(Short descriptive text snippets)
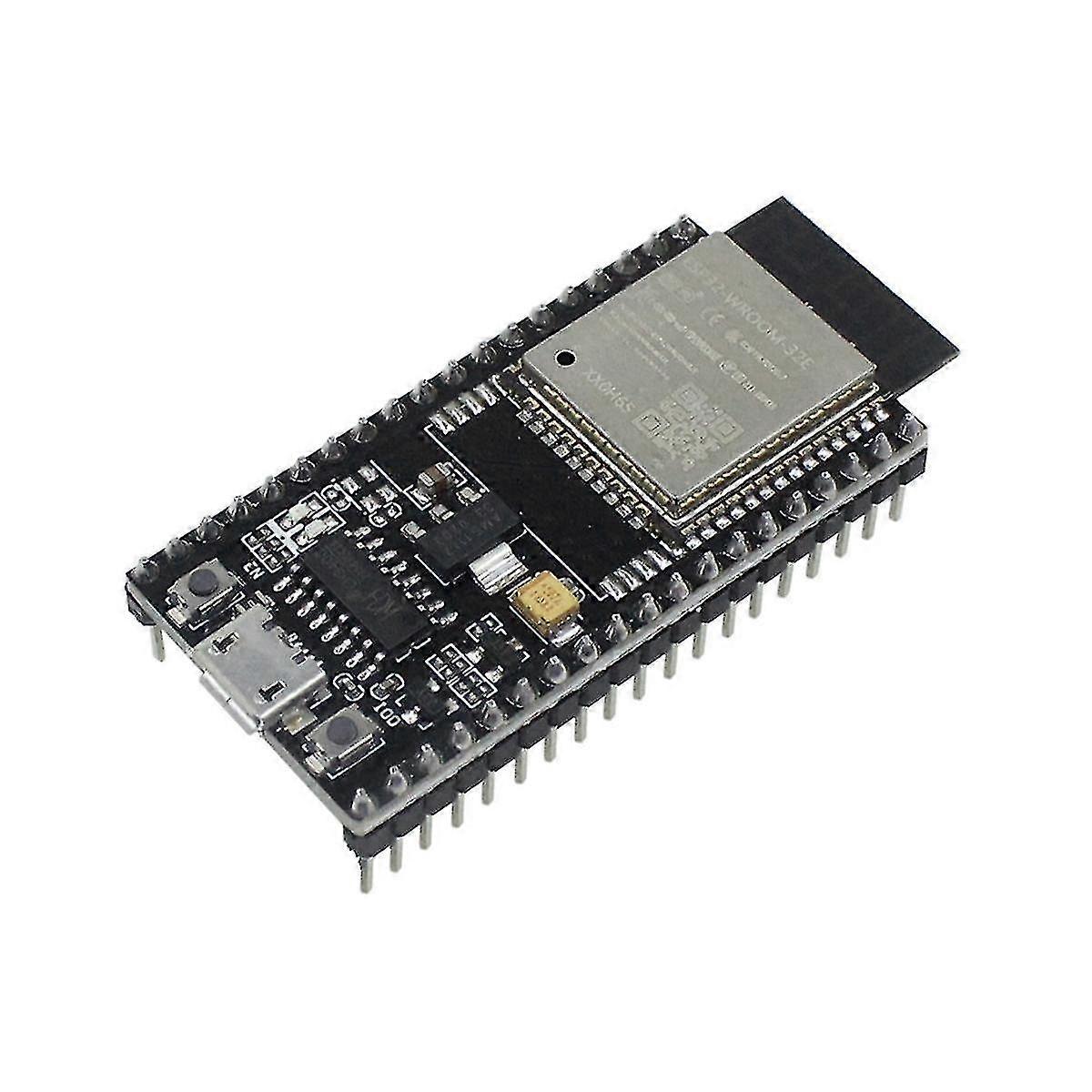 Esp-wroom-32e Wifi Dual Core Cpu Development Board Esp-wroom-32e Wifi+bluetooth Main Board Serial P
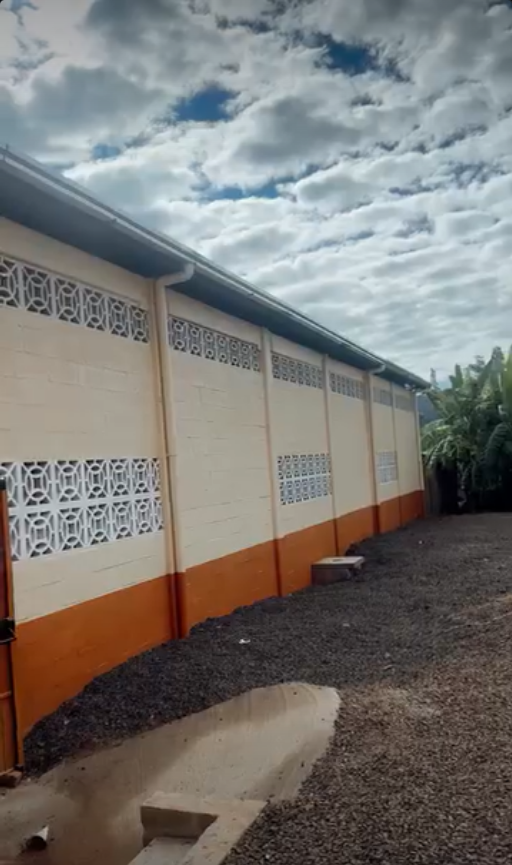 Capa Alpestre inaugura novo espaço esportivo na comunidade de Sertãozinho
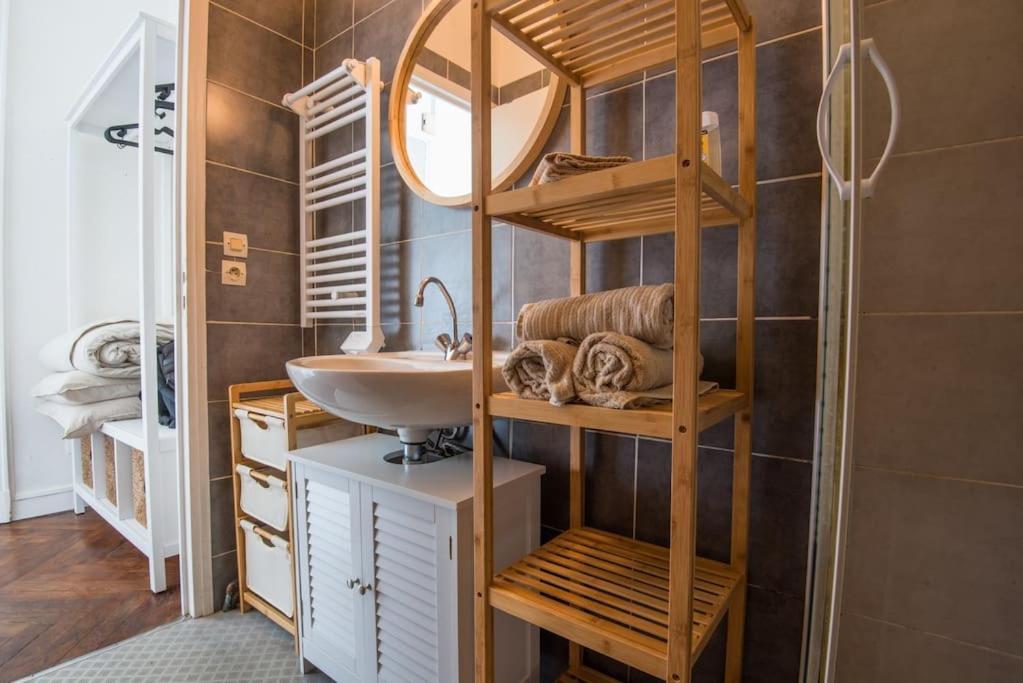 Appartement Le Petit Cosy à Angers Extérieur photo
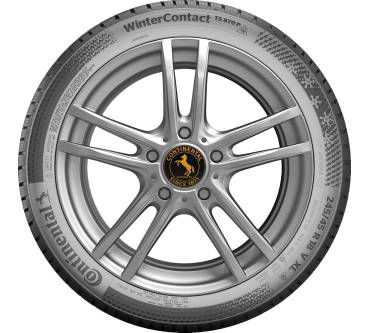Continental WinterContact TS 870 im 1,3 gut P sehr Test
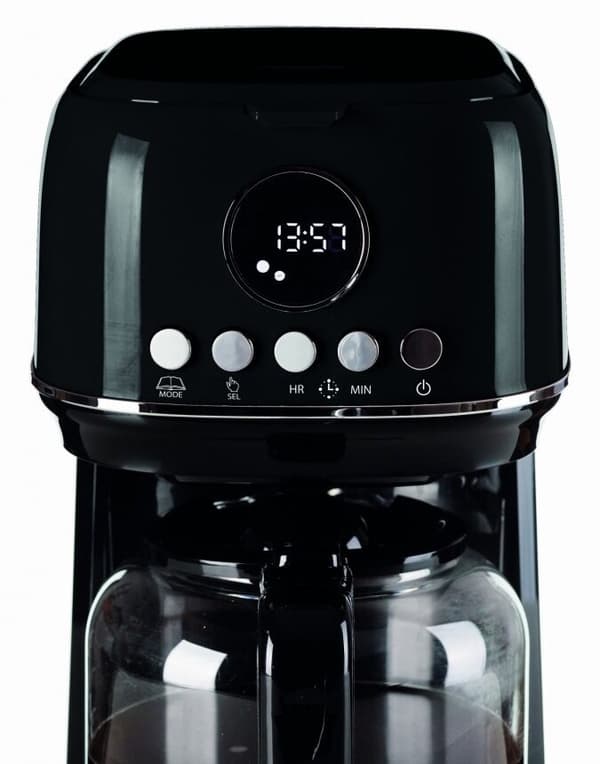 ARIETE Moderna 1396/02 Kaffemaskine Sort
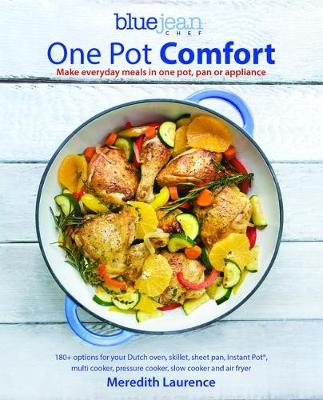 Cover of Blue Jean Chef's One Pot Comfort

• Work to be completed
Please retype exactly the lines from the one containing "Appartement Le Petit" to the last line of the records above, both included, without any pictures.

• Reply to the task
 Appartement Le Petit Cosy à Angers Extérieur photo
Continental WinterContact TS 870 im 1,3 gut P sehr Test
 ARIETE Moderna 1396/02 Kaffemaskine Sort
 Cover of Blue Jean Chef's One Pot Comfort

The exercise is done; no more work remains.